50 Years Later: Bob Dylan and The Band’s ‘The Basement Tapes’ Remains Iconic Underground Collaboration

With the benefit of half a century of hindsight, Bob Dylan and The Band’s The Basement Tapes (released 6/26/75) would appear to represent the first of a series of revisionist projects overseen by the late Robbie Robertson. As with his archival work on The Band (a/k/a/ ‘The Brown Album) and Stage Fright, the late guitarist/songwriter of the iconic group modifies the famous recordings in such a way that they lose some of their intrinsic charm and impact.

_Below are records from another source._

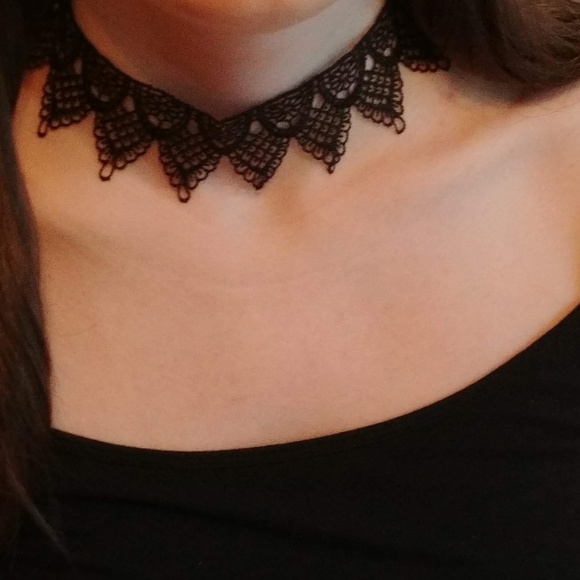 Black Lace Choker - Picture 4 of 4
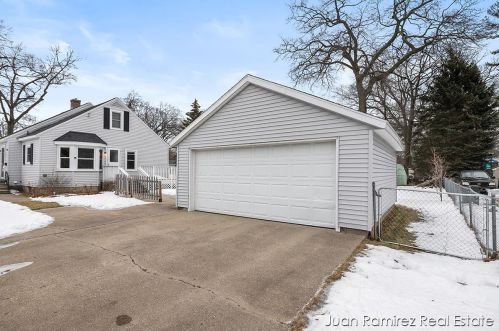 2533 Philo Ave, Meskegon MI 49441-1229 exterior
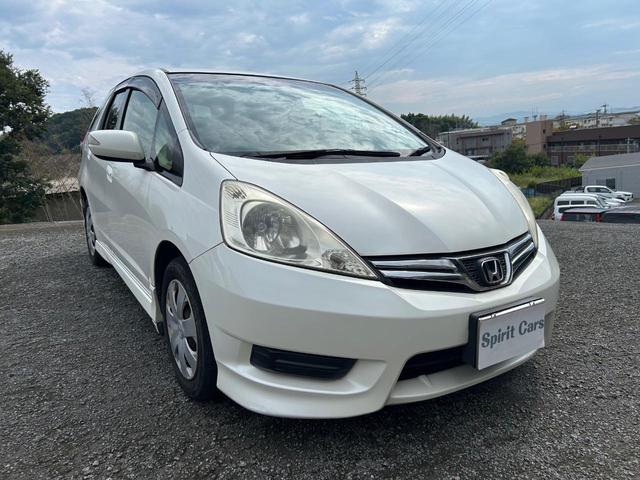 フィットシャトル １５Ｘ　Ｓパッケージ　車検令和９年２月　ナビ地デジＴＶ　ＥＴＣ　スマートキー　電動格納ドアミラー　オートエアコン　ＨＩＤヘッドライト（3枚目）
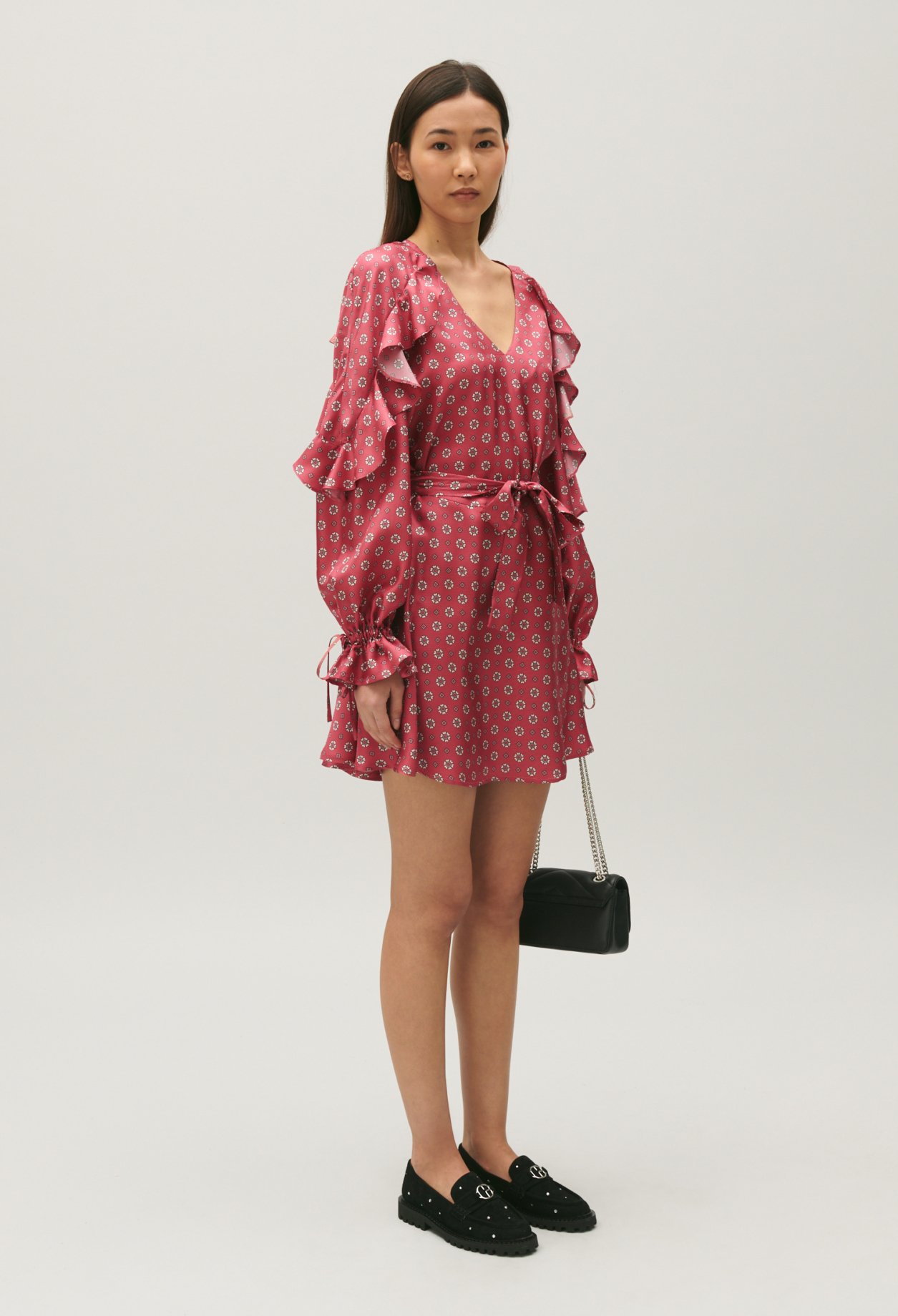 Robe courte satinee imprimee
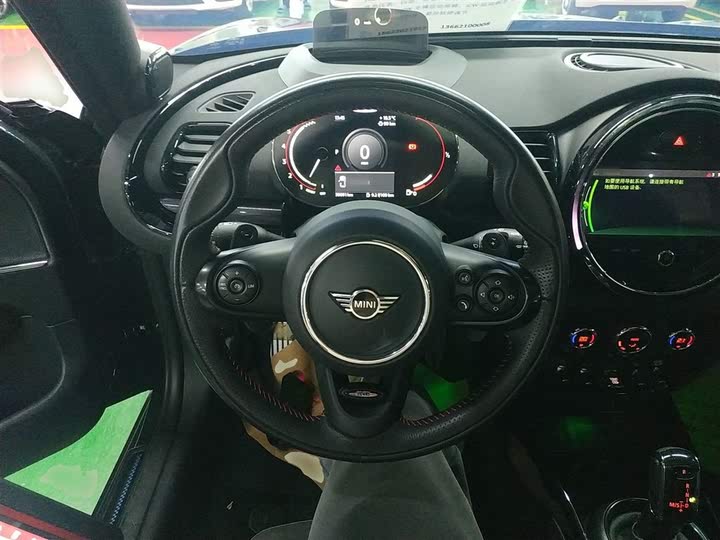 Фото 11 - Mini Clubman JCW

Despite enumerating some minutiae of musician credits, Greil Marcus overlooks those details in his extended essay. Exploring not only the backstory of the recordings, but the background of the music itself, he ignores the hidden agenda of the double set, that is, promoting the The Band: their name on the rise since the reunion tour with Dylan in 1974, their recording fortunes were nonetheless on a proportional downswing at that time.

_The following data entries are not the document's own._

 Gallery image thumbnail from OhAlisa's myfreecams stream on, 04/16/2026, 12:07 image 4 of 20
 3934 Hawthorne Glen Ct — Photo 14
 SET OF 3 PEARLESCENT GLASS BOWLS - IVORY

Shorn of the overdubs and remixes that adorned the selected collection of twenty-four tracks released fifty years ago, the quick succession of thirty-eight cuts comprising The Basement Tapes Raw: The Bootleg Series Vol. 11 more accurately conjures the nurturing ambiance that must’ve arisen from those hallowed sessions convened in Woodstock, NY. 

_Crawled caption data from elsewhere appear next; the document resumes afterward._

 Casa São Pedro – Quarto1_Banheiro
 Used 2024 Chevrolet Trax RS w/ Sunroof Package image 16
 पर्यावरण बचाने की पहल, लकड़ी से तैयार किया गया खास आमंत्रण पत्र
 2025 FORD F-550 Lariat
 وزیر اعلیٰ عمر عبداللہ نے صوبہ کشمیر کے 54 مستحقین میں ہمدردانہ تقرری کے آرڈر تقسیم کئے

Having worked with Dylan and The Band on 1974’s pre-tour studio projectPlanet Waves, mixing engineer Rob Fraboni effectively restores the audio quality of tapes first overseen by multi-instrumentalist Garth Hudson. Still, as the musicians follow the muse in the moment, juxtaposing traditional songs, contemporary roots material and originals of greater or less significance, the sensation is hardly one of separation. 

The alternately relaxed and inspired atmosphere the songs and performances radiate is palpably intimate. The wondrous process of rediscovering songs such as “Minstrel Boy” gives birth to their own compositions like “Tears of Rage” (which notably opened The Band’s first album, Music From Big Pink).

Meanwhile, Dylan’s laughter at a couple junctures is reflective of the often absurd sense of humor the six men shared, not just within tunes like “Clothes Line Saga,” but also in the cover photos inside and out (as well as some candid outtakes in the ten-page booklet enclosed with the 2009 double-CD set). 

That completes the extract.